PALÍNDROMO MUSICAL

Todos hão de concordar que o palíndromo enquanto palavra, ou mesmo frase, é algo pouco comum. O que dizer então de um palíndromo musical?

Confesso nunca ter ouvido falar de tal façanha até assistir, na última terceira-feira, a um concerto na Sala Villa Lobos do Teatro Nacional Claudio Santoro, em Brasília. No programa a Sinfonia n° 47 de Josef Haydn, composta, em 1772, em quatro movimentos: Allegro; Un poco adagio, cantabile; Menuet-Reverse e Finale-Presto assai.

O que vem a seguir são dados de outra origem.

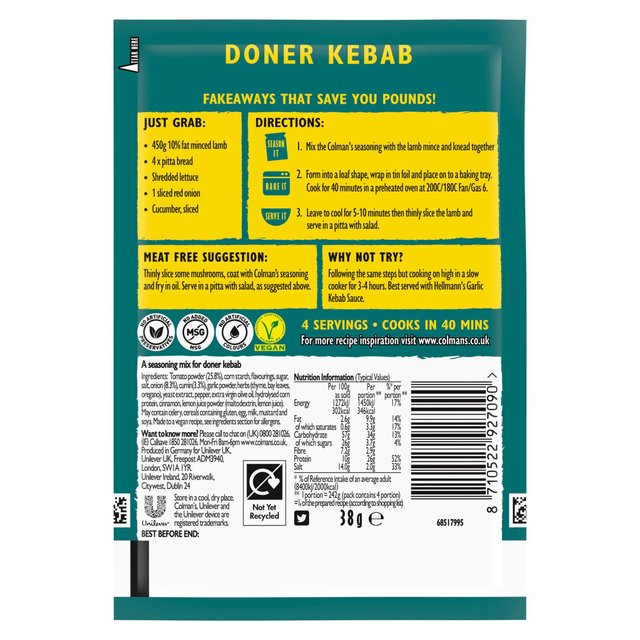 Colman's Doner Kebab Dry Packet Mix WORLD FOODS M&S   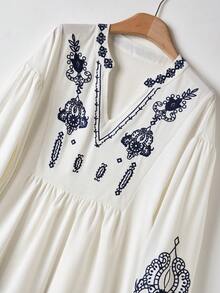 Rusticease Women's Casual Vacation Style Cutout Neck Embroidered Lantern Sleeve Peplum Top, Spring/Autumn Women's Fall Clothes  Christmas White Top Winter Clothes For Women - Multicolor - View 5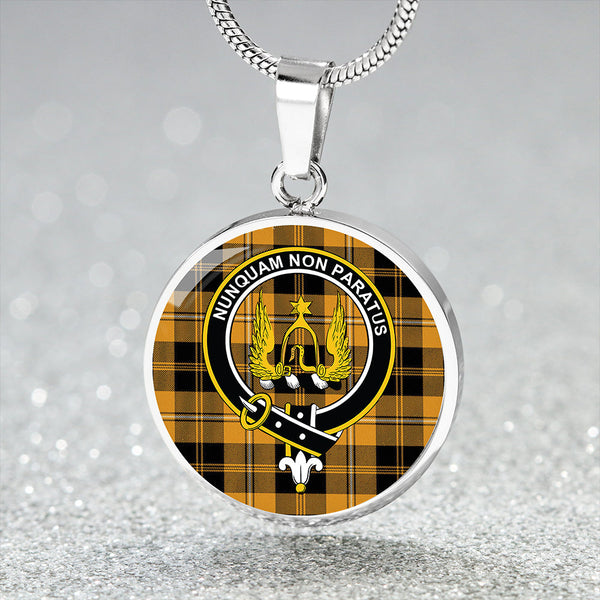 Johnstone Orange/Black (Johnson Orange/Black) Clan Badge Tartan Classic Circle Necklace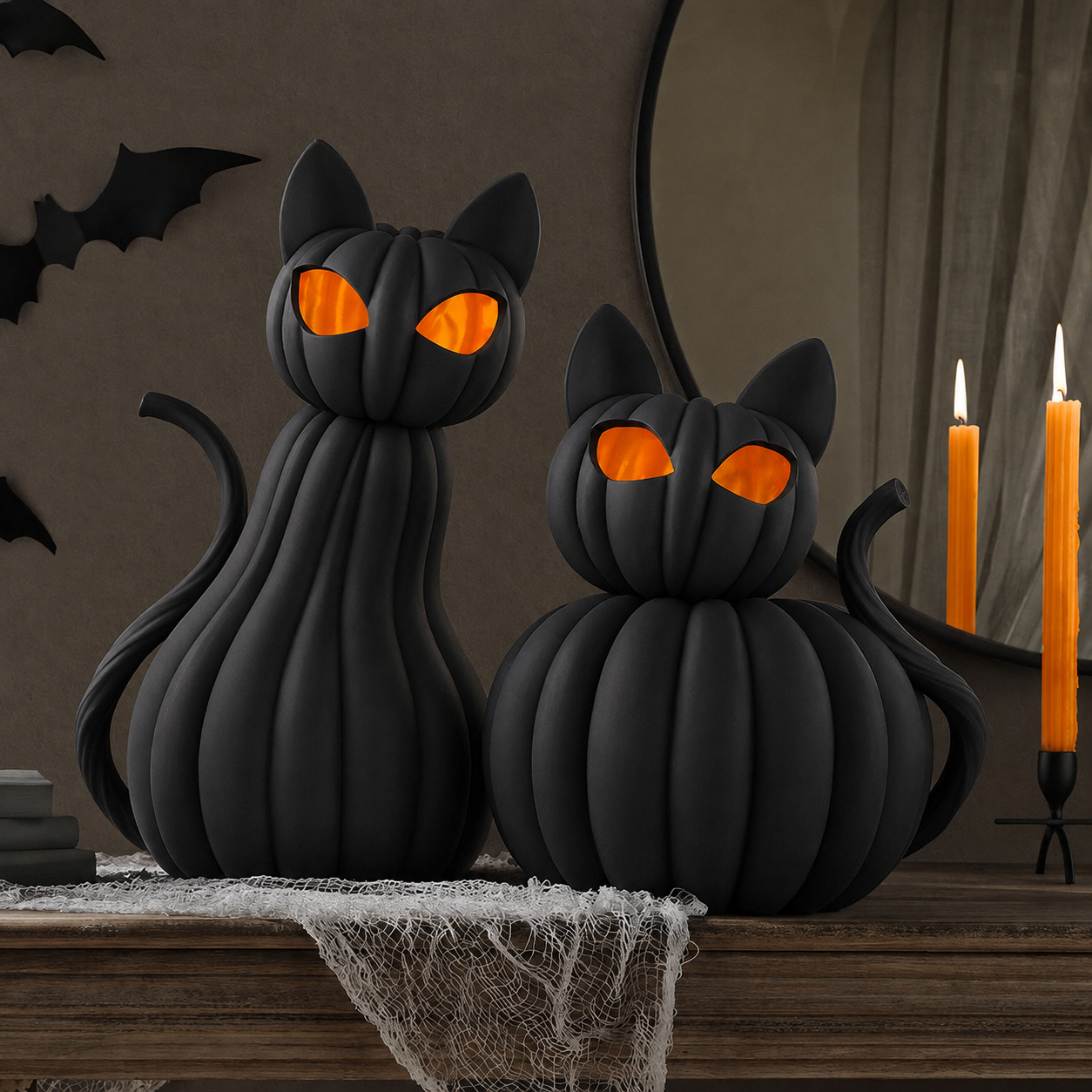 Lighted Black Cat Pumpkin Figurine – Halloween Tabletop Decor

Antes de iniciar a performance, o maestro Roberto Tibiriçá dirigiu algumas palavras ao público presente. Falou da genialidade do compositor e preparou a platéia para a maravilha que se seguiria. Esbanjando criatividade, Haydn compôs o terceiro movimento da sinfonia, um minueto, de forma inusitada. A partir da metade do movimento, inverteu a ordem das notas de trás para frente, compondo um autêntíco palíndromo musical. Para os ouvidos menos atentos, o maestro sinalizou o momento em que começaria a inversão. O efeito foi extraordinário e a plateia delirou.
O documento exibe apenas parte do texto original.